International. Seth Lookhart was convicted Friday on 46 counts of felony and juvenile offenses in the Superior Court of Anchorage by Judge Michael Wolverton, who rated the evidence presented by the state during a five-week trial as «overwhelming,» the Department said in a press release.
A lawsuit filed by the state in 2017 accused Lookhart of «illegal dental acts,» saying its patient care did not meet professional standards.
Lookhart, according to demand, «performed a dental extraction procedure on a sedated patient while riding a hoverboard,» filmed the procedure and then sent it to several people.
In at least one conversation, Lookhart joked that performing oral surgery on a hoverboard was a «new standard of attention,» the lawsuit said, citing phone records.
Lookhart was also charged with health care fraud for billing Medicaid for procedures that were unnecessary or not properly justified and stealing $25,000 or more by diverting funds from Alaska Dental Arts, among dozens of others.
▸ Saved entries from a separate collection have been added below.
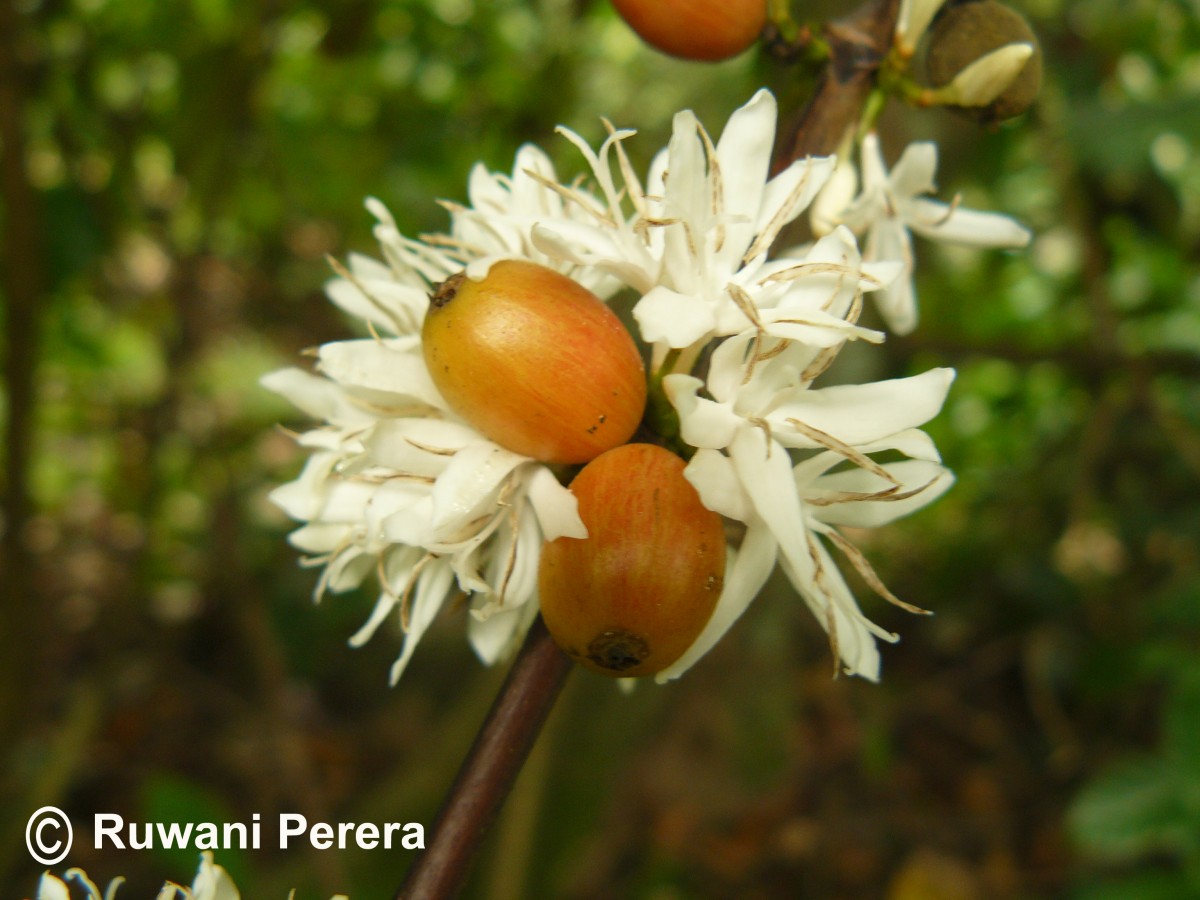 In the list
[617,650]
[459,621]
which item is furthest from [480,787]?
[459,621]

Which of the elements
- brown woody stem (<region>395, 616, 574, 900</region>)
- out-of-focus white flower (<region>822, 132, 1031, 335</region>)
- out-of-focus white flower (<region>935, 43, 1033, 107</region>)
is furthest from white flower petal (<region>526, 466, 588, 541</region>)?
out-of-focus white flower (<region>935, 43, 1033, 107</region>)

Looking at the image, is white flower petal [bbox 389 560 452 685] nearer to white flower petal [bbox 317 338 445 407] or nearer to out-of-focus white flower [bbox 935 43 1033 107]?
white flower petal [bbox 317 338 445 407]

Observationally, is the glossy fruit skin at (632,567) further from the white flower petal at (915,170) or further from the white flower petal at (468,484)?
the white flower petal at (915,170)

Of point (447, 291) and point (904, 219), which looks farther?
point (904, 219)

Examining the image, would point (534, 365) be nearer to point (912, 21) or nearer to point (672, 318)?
point (672, 318)


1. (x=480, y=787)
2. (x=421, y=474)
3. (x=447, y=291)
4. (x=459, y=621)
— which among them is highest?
(x=447, y=291)

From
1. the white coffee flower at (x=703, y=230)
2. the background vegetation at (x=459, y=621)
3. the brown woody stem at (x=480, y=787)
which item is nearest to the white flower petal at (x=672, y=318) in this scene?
the white coffee flower at (x=703, y=230)

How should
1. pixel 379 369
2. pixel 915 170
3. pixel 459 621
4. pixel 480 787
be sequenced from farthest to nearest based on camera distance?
1. pixel 459 621
2. pixel 915 170
3. pixel 379 369
4. pixel 480 787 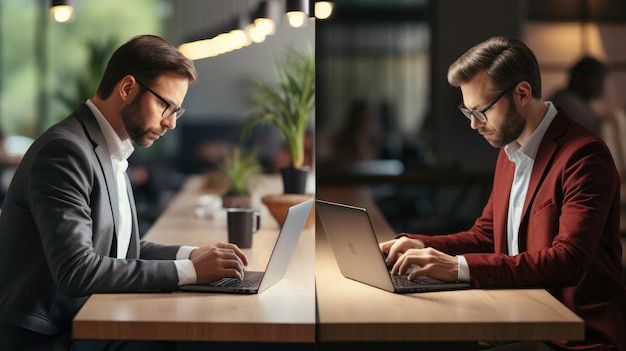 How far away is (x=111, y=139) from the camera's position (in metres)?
2.53

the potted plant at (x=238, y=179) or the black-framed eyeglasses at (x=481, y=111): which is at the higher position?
the black-framed eyeglasses at (x=481, y=111)

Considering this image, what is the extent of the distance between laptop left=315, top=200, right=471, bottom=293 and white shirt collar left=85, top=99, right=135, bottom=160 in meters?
0.61

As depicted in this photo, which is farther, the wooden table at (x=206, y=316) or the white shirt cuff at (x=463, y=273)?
the white shirt cuff at (x=463, y=273)

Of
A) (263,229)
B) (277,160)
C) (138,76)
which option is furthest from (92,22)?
(138,76)

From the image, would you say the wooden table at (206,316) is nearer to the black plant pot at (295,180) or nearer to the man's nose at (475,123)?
the man's nose at (475,123)

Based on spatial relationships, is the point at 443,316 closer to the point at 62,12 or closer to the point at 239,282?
the point at 239,282

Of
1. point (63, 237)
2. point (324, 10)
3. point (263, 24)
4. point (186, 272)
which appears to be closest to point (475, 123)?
point (324, 10)

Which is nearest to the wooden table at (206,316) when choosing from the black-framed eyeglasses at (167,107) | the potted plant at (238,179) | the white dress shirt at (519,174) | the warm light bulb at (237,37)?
the white dress shirt at (519,174)

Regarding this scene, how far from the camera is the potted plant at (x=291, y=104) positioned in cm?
353

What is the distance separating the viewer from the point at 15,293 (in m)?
2.34

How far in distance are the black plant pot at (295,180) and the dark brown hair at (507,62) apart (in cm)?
158

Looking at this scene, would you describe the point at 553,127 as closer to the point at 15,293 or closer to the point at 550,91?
the point at 550,91

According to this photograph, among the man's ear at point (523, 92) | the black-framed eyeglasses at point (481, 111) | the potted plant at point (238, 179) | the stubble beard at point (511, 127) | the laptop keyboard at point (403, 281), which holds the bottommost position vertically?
the potted plant at point (238, 179)

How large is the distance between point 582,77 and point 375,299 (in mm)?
862
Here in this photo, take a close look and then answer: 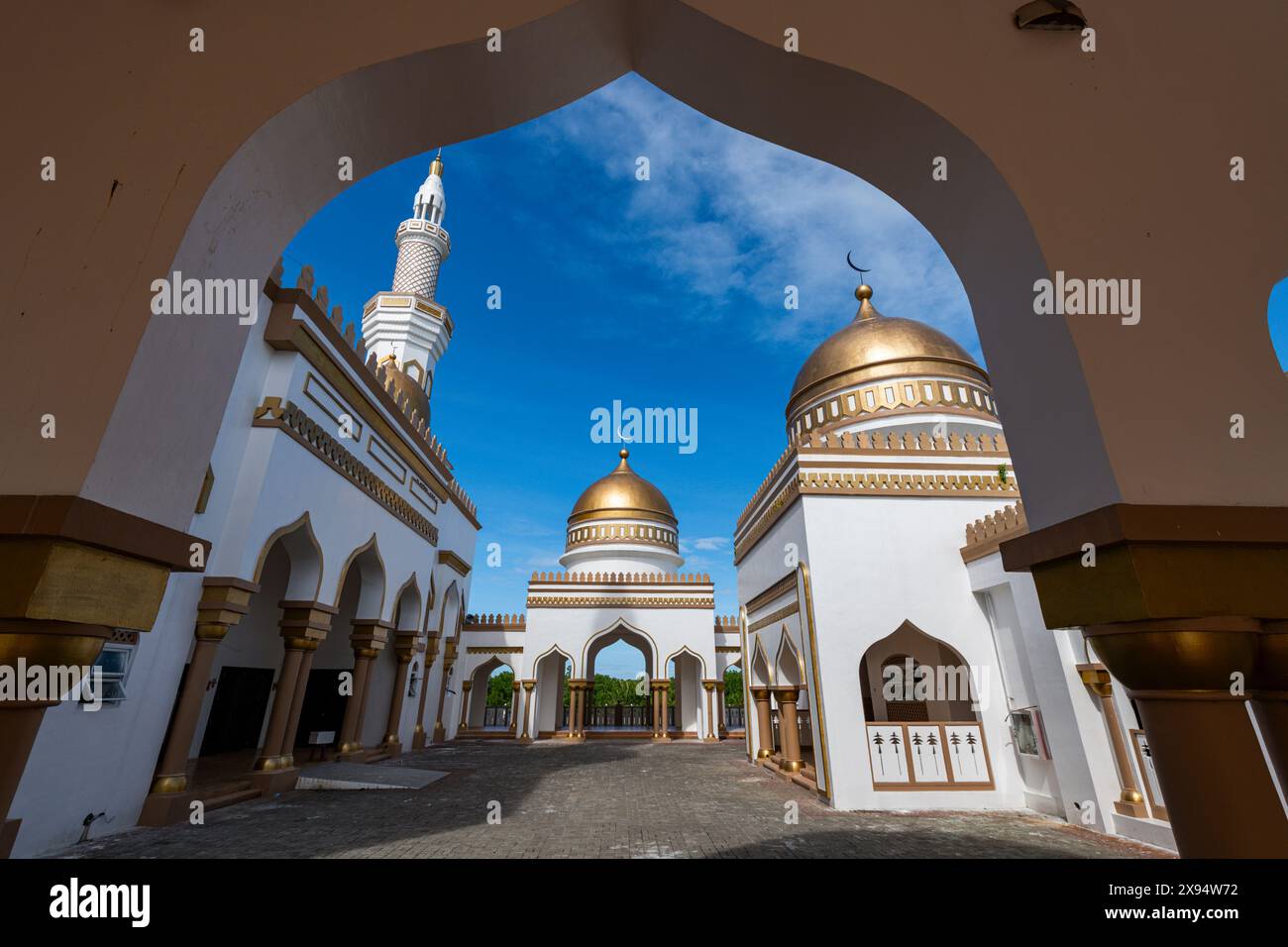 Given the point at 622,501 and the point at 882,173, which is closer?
the point at 882,173

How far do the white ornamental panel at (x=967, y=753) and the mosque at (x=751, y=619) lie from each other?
0.02 metres

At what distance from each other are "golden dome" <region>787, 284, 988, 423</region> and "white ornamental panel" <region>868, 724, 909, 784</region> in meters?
6.85

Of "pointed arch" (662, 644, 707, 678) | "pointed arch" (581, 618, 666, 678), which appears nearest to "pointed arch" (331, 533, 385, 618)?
"pointed arch" (581, 618, 666, 678)

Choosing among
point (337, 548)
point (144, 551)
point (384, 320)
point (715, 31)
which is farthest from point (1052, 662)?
point (384, 320)

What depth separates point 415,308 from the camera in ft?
53.4

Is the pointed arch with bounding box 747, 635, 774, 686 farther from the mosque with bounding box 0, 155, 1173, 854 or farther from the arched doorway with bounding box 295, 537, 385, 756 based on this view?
the arched doorway with bounding box 295, 537, 385, 756

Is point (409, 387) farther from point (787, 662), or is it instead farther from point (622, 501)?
point (787, 662)

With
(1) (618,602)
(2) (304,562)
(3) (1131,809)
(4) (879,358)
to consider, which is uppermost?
(4) (879,358)

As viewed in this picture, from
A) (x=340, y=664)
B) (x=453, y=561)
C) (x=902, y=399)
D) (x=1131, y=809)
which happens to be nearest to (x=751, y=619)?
(x=902, y=399)

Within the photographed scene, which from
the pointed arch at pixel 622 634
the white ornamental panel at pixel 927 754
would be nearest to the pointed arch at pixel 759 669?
the white ornamental panel at pixel 927 754

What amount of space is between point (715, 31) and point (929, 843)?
6.71 metres

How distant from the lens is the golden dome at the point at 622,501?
71.7 feet

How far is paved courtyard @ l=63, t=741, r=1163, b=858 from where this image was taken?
197 inches

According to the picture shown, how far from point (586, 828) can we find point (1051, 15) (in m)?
6.84
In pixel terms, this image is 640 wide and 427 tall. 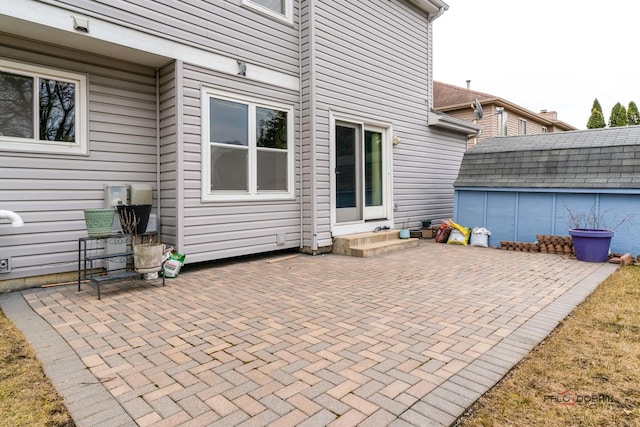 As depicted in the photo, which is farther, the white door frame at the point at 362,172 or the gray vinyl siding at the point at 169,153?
the white door frame at the point at 362,172

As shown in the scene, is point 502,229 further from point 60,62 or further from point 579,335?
point 60,62

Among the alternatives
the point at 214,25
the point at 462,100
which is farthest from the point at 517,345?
the point at 462,100

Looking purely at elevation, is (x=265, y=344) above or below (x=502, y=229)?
below

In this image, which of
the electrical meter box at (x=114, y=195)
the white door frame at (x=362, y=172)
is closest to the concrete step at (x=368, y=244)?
the white door frame at (x=362, y=172)

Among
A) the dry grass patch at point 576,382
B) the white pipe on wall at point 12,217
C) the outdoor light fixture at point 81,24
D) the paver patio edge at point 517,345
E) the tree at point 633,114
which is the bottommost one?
the dry grass patch at point 576,382

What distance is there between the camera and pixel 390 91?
827cm

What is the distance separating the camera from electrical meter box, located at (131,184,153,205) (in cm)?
500

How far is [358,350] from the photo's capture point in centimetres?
265

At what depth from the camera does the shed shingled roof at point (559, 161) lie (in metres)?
6.50

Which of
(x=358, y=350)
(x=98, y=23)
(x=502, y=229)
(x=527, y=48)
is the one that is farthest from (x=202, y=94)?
(x=527, y=48)

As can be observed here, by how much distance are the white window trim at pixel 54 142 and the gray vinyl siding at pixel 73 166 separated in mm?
59

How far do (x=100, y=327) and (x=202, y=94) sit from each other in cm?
338

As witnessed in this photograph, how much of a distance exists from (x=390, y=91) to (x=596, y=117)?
25.4m

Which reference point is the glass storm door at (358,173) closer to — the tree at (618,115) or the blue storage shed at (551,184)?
the blue storage shed at (551,184) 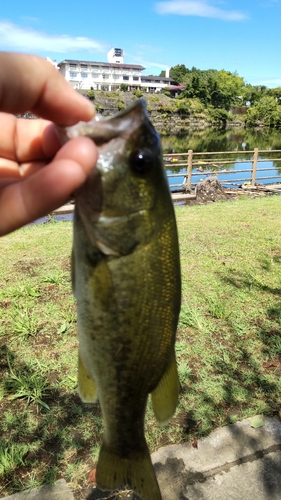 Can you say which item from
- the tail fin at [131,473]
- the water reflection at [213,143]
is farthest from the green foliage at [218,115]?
the tail fin at [131,473]

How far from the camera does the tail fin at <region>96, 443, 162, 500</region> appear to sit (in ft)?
6.15

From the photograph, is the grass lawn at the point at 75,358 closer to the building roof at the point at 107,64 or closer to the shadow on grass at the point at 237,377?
the shadow on grass at the point at 237,377

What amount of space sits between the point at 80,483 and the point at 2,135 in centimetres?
250

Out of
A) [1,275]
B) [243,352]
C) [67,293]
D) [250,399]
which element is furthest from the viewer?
[1,275]

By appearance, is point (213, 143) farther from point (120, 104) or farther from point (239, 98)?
point (239, 98)

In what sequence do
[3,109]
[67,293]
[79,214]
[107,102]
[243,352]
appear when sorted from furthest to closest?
1. [107,102]
2. [67,293]
3. [243,352]
4. [3,109]
5. [79,214]

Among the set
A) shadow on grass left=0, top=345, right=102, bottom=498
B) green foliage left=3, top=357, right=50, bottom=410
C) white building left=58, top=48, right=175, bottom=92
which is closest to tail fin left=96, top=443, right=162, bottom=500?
shadow on grass left=0, top=345, right=102, bottom=498

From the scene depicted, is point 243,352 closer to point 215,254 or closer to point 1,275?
point 215,254

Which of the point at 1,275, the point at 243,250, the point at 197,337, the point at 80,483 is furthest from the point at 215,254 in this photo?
the point at 80,483

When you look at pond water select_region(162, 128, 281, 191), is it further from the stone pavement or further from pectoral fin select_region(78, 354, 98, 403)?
pectoral fin select_region(78, 354, 98, 403)

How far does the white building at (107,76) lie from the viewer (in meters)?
103

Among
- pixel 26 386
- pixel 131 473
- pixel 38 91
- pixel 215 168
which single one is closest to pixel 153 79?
pixel 215 168

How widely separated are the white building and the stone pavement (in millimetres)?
106012

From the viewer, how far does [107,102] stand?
65812 mm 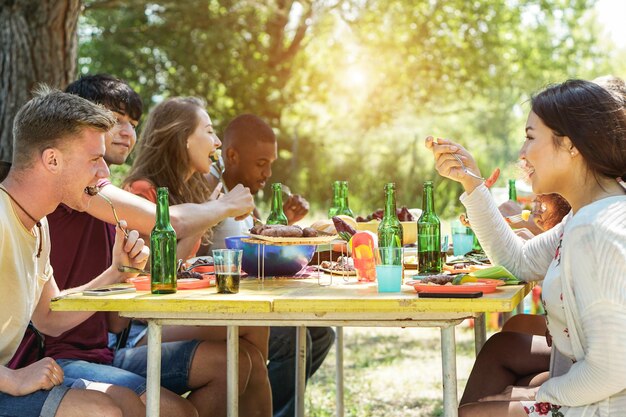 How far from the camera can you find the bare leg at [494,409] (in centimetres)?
241

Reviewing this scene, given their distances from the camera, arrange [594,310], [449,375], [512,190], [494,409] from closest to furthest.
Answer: [594,310] → [449,375] → [494,409] → [512,190]

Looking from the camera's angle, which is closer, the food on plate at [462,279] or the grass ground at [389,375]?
the food on plate at [462,279]

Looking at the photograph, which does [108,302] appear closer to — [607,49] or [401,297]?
[401,297]

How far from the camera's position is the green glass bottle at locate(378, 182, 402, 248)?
10.3 feet

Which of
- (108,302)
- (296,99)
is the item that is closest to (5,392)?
(108,302)

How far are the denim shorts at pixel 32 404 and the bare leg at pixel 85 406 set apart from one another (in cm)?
2

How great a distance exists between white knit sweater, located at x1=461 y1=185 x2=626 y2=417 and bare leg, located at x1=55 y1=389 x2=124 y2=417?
1.12 m

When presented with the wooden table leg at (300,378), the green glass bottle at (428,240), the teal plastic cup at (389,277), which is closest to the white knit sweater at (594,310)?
the teal plastic cup at (389,277)

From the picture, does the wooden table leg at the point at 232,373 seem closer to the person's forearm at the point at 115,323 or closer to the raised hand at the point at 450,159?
the person's forearm at the point at 115,323

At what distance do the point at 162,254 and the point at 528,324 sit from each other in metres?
1.65

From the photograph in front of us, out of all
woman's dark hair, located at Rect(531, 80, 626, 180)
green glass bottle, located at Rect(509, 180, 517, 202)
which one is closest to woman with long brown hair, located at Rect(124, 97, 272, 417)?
woman's dark hair, located at Rect(531, 80, 626, 180)

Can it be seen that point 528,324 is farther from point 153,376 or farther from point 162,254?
point 153,376

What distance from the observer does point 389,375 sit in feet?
20.7

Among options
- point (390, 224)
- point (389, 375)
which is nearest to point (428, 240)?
point (390, 224) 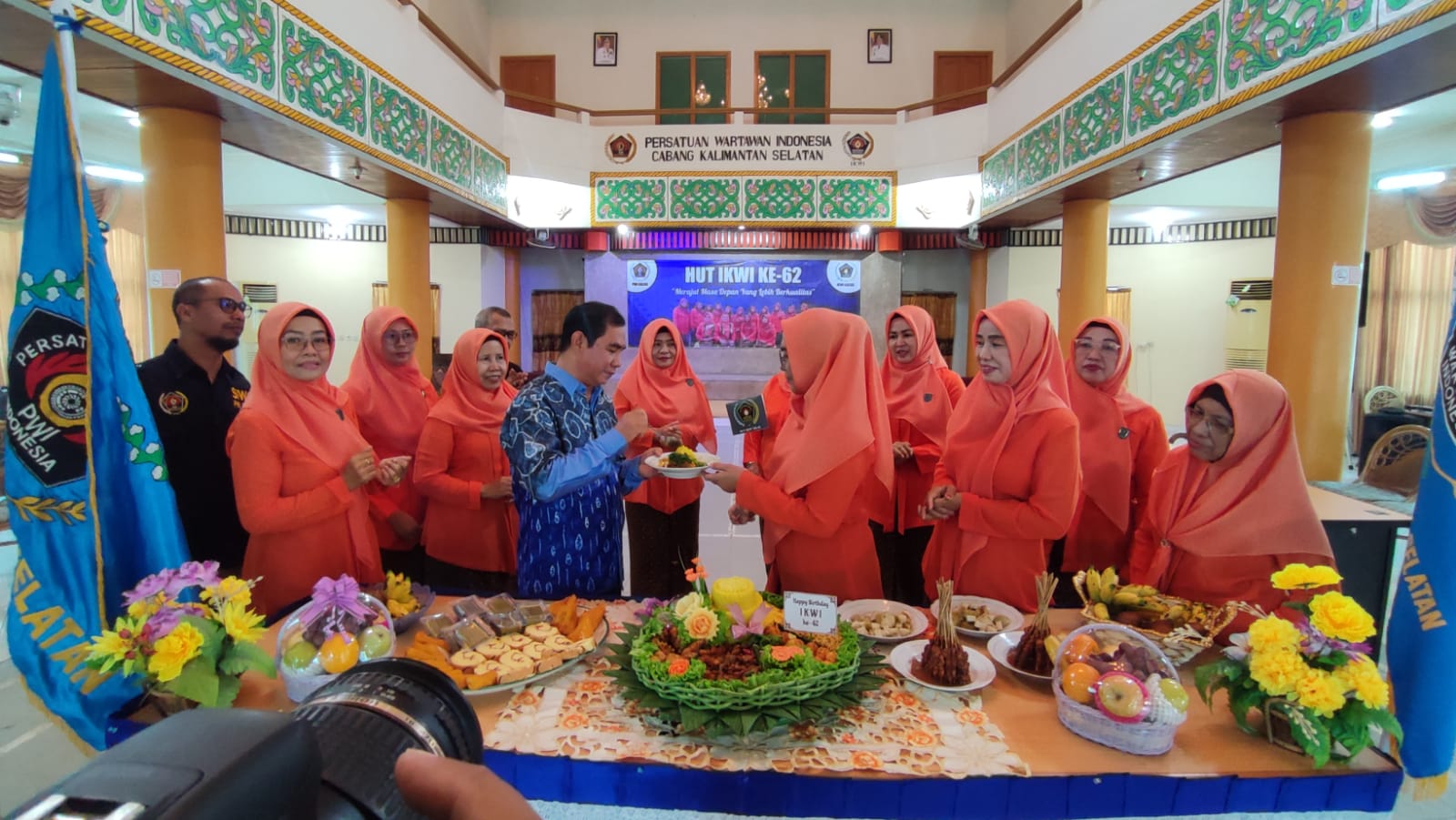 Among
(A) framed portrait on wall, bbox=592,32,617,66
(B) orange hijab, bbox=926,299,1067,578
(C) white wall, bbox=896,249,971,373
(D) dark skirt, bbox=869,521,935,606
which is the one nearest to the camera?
(B) orange hijab, bbox=926,299,1067,578

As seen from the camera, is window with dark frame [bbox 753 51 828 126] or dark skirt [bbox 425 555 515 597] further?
window with dark frame [bbox 753 51 828 126]

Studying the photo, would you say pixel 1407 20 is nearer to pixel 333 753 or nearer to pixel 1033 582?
pixel 1033 582

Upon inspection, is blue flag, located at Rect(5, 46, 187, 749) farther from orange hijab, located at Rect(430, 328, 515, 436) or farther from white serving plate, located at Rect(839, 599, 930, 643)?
white serving plate, located at Rect(839, 599, 930, 643)

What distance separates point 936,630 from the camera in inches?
58.5

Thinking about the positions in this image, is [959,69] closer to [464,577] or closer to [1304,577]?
[464,577]

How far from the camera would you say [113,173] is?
7.43 metres

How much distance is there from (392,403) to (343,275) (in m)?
9.07

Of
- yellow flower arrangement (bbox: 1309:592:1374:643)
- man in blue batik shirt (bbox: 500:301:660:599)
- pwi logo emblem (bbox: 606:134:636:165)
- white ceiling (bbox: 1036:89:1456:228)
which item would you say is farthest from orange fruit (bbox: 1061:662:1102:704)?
pwi logo emblem (bbox: 606:134:636:165)

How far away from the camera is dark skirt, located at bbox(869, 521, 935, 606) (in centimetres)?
282

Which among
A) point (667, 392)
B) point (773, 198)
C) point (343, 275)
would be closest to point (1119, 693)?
point (667, 392)

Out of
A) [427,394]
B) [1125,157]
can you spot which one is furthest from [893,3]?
[427,394]

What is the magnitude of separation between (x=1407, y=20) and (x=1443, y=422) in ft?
8.33

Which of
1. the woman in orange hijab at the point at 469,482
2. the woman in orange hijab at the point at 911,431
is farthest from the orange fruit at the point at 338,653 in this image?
the woman in orange hijab at the point at 911,431

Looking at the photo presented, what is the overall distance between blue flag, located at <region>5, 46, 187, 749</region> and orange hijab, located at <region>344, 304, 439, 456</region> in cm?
113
The evidence indicated that Lookhart «believed he could get away with fraud indefinitely and that he believed his plan was foolproof,» Judge Wolverton said, according to the Law Department press release. That evidence «was often supported, and often in excruciating details, by Lookhart’s own texts, photos and videos.»
A lawyer for Lookhart, who pleaded not guilty on all charges, declined to comment on Sunday.
He is expected to be sentenced on April 30.
The Alaska Law Department thanked several of Lookhart’s former patients who testified during the trial, including the patient whose tooth was removed while Lookhart was filmed on the hoverboard.
Veronica Wilhelm testified that she did not consent to being filmed while sedated or having a tooth removed while Lookhart was on the hoverboard, CNN affiliate KTUU reported last month.
Wilhelm didn’t even know about the video until she was contacted by investigators, she said.
«I would have said ‘hell no!’ No, that’s unprofessional,» KTUU said. «It’s crazy.»
Stockler apologized to Wilhelm in court on behalf of his client.
«It’s unacceptable and I’m sure that when I agreed to represent him, I confronted him and told him what I thought of him for doing this,» he said.
According to KTUU, Wilhelm turned to Lookhart and told him that he thought he «could have made better decisions.»